Occorrerà una buona conoscenza, invece, per notare la maggiore complessità che il dialetto panzese presenta rispetto al più noto dialetto napoletano poiché a differenza di quest’ultimo, distingue il participio passato, in maschile e femminile, per esempio per esprimere l’amme accattète ajere (l’abbiamo comprato ieri) e l’amme accattata ajere (l’abbiamo comprata ieri) il napoletano ricorre ad un’unica espressione e cioè l’avvimme accattata ajere. Analogo discorso potrebbe essere fatto per l’ articolo, dove il panzese mantiene come in italiano l’impostazione dualistica, conservando rispettivamente un articolo per il maschile e femminile plurale a differenza del napoletano dove tale differenziazione scompare esistendo il solo articolo plurale i. Facile rilevare le differenze col napoletano per esempio nella coniugazione del verbo avere in funzione di ausiliare:
PANZESE: Eve ho Tu he Is ha Nuie amme Vuie avite Ghiore hanno
NAPOLETANO: Ie aggio, Tu hai, Is ha, Nuie avimme, Vuie avite Llore hanno
Ancora più facile nella coniugazione del verbo sapere:
PANZESE: Eve soccio, Tu sèpe, Is sape, Nuie sapimme, Vuie sapite, Gghiore sapeno
NAPOLETANO: Ie saccio, Tu ssaie, Is sape, Nuie sapimme, Vuie sapite, Llore sapeno
Nell’ambito delle tradizioni popolari panzesi dobbiamo ricordare le UOVA ROSSE, preparate con le radici e i fusti sotterranei di una pianta chiamata in dialetto “à rove” (Rubia Tinctorum); le uova sono usate per confezionare piccoli cestini da regalare ad amici e parenti e per decorare le tavole imbandite durante le feste.

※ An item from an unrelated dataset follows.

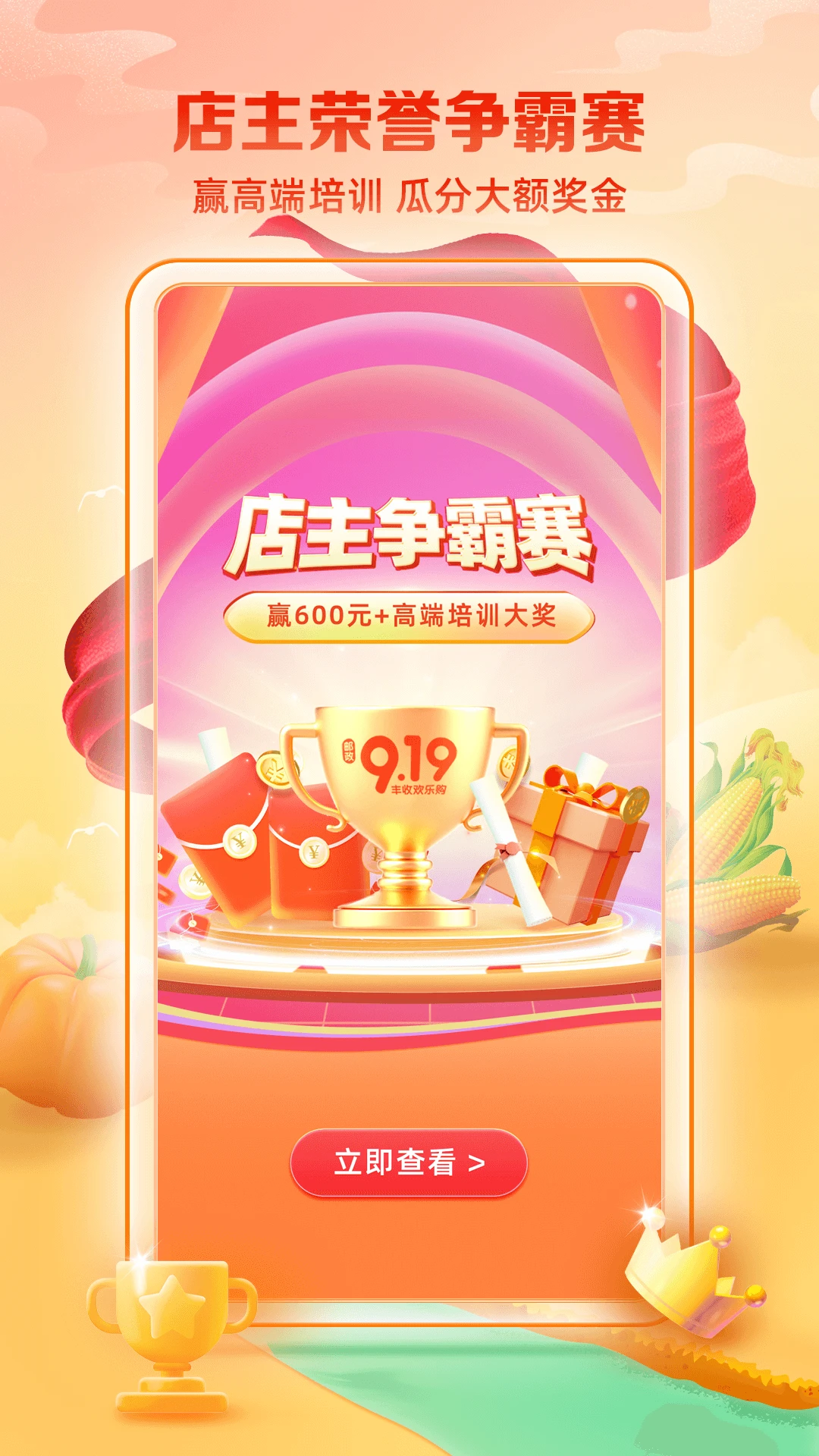 ����С���ͼ4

L’usanza di preparare uova colorate, ormai entrata a far parte della tradizione panzese, è di origine greca (ortodossa). Ad ogni modo, essa non fu importata dagli antichi Greci che approdarono nell’isola d’Ischia nell’VIII sec. a.C., ma giunse nell’isola molto tempo dopo, a causa di un triste evento che colpì gran parte del popolo greco verso la fine del XVIII secolo e in seguito al quale si costituì la minoranza greca presente nelle regioni meridionali dell’Italia.

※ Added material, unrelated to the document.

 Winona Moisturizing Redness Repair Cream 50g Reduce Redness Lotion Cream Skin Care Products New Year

Il giorno di Pasqua, in molte famiglie panzesi, ancora oggi c’è l’usanza di augurarsi buona Pasqua scambiandosi le uova tinte di rosso, rompendole all’augurio “Kristòs anèsti” al quale l’altro risponde “Alethòs anesti” ossia Cristo è risorto – Veramente è risorto. Ovviamente chi tra due manterrà integro l’uovo avrà fortuna per l’anno in corso.
Bisogna ricordare che il paese è stato nel tempo buen retiro di artisti e scrittori. Qui è passato Eugenio Montale giunto ad Ischia in torperdone, come dirà in una sua poesia Xenia, qui passò Stendhal, qui lo scrittore svedese Joakim Bergman ambienterà il suo romanzo Premio Nobel per un assassino?, dove il paese ha il nome di Campomoro, qui passerà Pasolini che scriverà nei suoi appunti: A Panza stanno preparando luminarie, archi di lampadine, tra le bicocche d’un paese senza villeggianti, beduino. Su ogni muretto c’è qualcuno che dorme, con facce da zingaro; amerà trascorrere intere giornate contemplando il mare da Punta Imperatore, che insieme a Punta Carena dell’isola di Capri chiudono il golfo di Napoli.